These rules and / or goals may affect an approximate good fit for brightness, dynamic range, color gamut, color appearance, etc. using a variety of techniques. Some of these methods and / or techniques for modifying display settings (e.g., dynamic range and implementation color appearance models) are additionally disclosed in shared US patent applications:
(1) U.S. Patent Application No. 20120051635, entitled " LIGHT DETECTION, COLOR APPEARANCE MODELS, AND MODIFYING DYNAMIC RANGE FOR IMAGE DISPLAY ", published March 1, 2012 by Kunkel et al .;
(2) U.S. Patent Application No. 20110305391, entitled " IMAGE PROCESSING AND DISPLAYING METHODS FOR DEVICES THAT IMPLEMENT COLOR APPEARANCE MODELS ", published December 15, 2011 by Kunkel et al .;
(3) U.S. Patent Application No. 20120320014, filed on December 20, 2012 by Longhurst et al., Entitled " SYSTEM AND METHOD FOR ADJUSTING DISPLAY BASED ON DETECTED ENVIRONMENT ";
(4) U.S. Patent Application No. 20120026405, published February 2, 2012 by Atkins et al., Entitled " SYSTEM AND METHOD OF CREATING OR APPROVING MULTIPLE VIDEO STREAMS ";
(5) U.S. Patent Application No. 20100231603, published September 16, 2010 by Kang, entitled " ARTIFACT MITIGATION METHOD AND APPARATUS FOR IMAGES GENERATED USING THREE DIMENSIONAL COLOR SYNTHESIS ";
Once this mapping is calculated and / or approximated, a composite image may be formed at step 710 and the resulting image / video data may be transmitted to the display. This process may continue indefinitely while there are images / videos to be overlaid.

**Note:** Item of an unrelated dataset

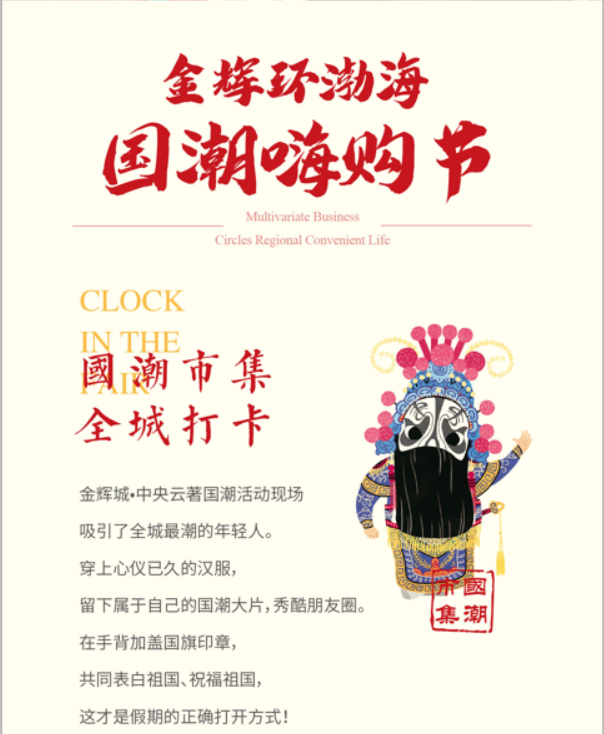 金輝環(huán)渤海，國(guó)潮嗨購(gòu)節(jié)（2）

Examples of HDR / EDR / VDR processing
8 illustrates one exemplary embodiment of an overlay / composite image / data appearance mapping onto a first image / video data for rendering on a device for dynamic range, minimum luminance, reflective white point, and absolute maximum; do. All of the dynamic range bars shown in FIG. 8 are related to the reference dynamic range shown at 802, which reflects the entire VDR signal range 804. Each dynamic range bar is illustrated as a range from a minimum luminance to a maximum luminance. The intersection line in the dynamic range bar refers to the luminance value representing the reflection white.

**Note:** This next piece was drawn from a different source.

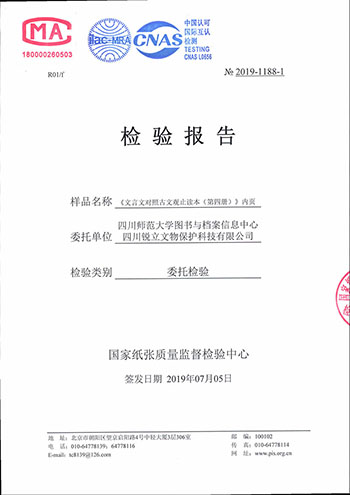撕裂度檢測.jpg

Figure 8 illustrates how dynamic ranges of one scene may be mapped onto a display that includes a dynamic range as represented by 808. [ The input VDR signal 804 may be likely to be mapped to the maximum dynamic range 808 of the physical display device. However, based on the actual dynamic range present in the input VDR scene, the display management (DM) module may use different dynamic range intervals and reflective white points on scenes 1, 2 and 3 (810a, 810b, 810c. &Lt; / RTI &gt;
This mapping information may be sent to the synthesizer (or any module with processing similar to that of the synthesizer, as previously mentioned). The synthesizer (s) may receive the overlay / composite content as input and map the content to the DR ranges shown as 810a ', 810b', and 810c ', respectively.
It should be noted that the dynamic range of the actual content for the overlay / composite input image data (e.g., UI, CC, text, etc.) may not utilize the full dynamic range of the display. Instead, the system selects the dynamic range and brightness that are as close as possible to the first image data and the range in which perceptual matching will be in the capabilities of the display.

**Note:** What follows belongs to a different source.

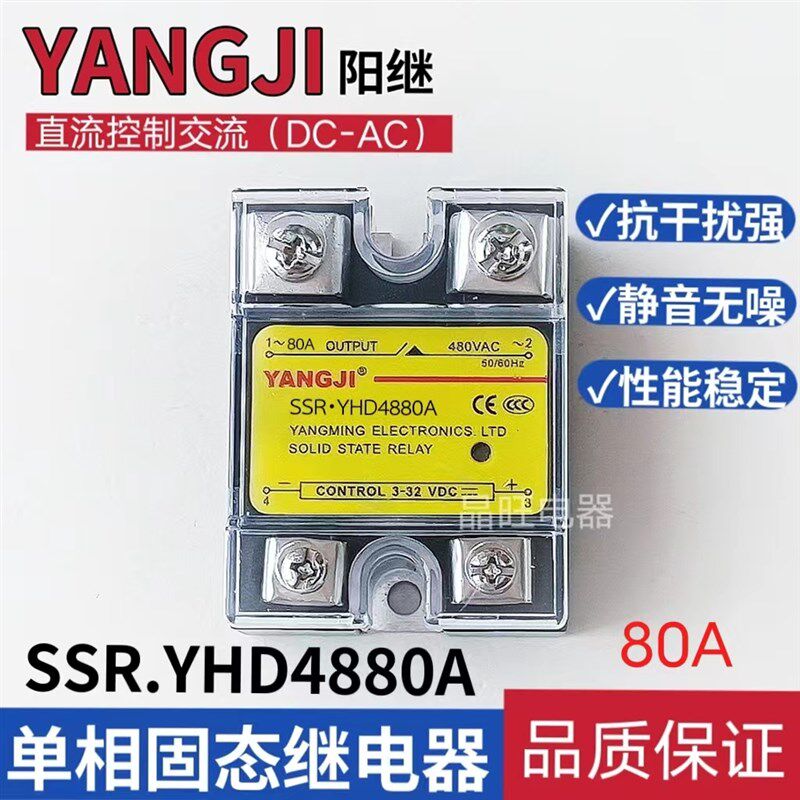 阳继YANGJI 单相固态继电器 YHD4880A 直流控交流 D4880 80A 480V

Examples of chroma mapping
In addition to visually pleasing mapping on the dynamic range, it may also be desirable to map and / or combine the image / video data to a visually pleasing color gamut. Figures 9A, 9B, 9C and 9D illustrate an example of a mapping of overlay / composite image / video data onto first image / video data for rendering on a display device with respect to color gamut; FIG. 9A depicts a color gamut when it may exist as a first image / video data stream (e.g., 902 located within the CIE xy chromaticity diagram 900). The image / video data may include white dots 906 that may be anywhere on the blackbody curve 904 or anywhere else within the chromaticity.
During the DM processing (as shown in Figure 9 (B)), the color gamut may be shrunk with respect to the overall color gamut available in the first image / video data. This possible smaller color gamut 908 may represent a limitation of the physical display recall rate-it may also represent a different white point 910. [
FIG. 9C takes into account the small recall rate seen by the display and during the dynamic color mapping of the first image content (as can occur on an image-by-image basis, one scene at a time). It can be seen that the entire chroma vector for a given image C and the outer extent of the color gamut can vary from image-to-image (as indicated by various solid and dotted recurrence circles).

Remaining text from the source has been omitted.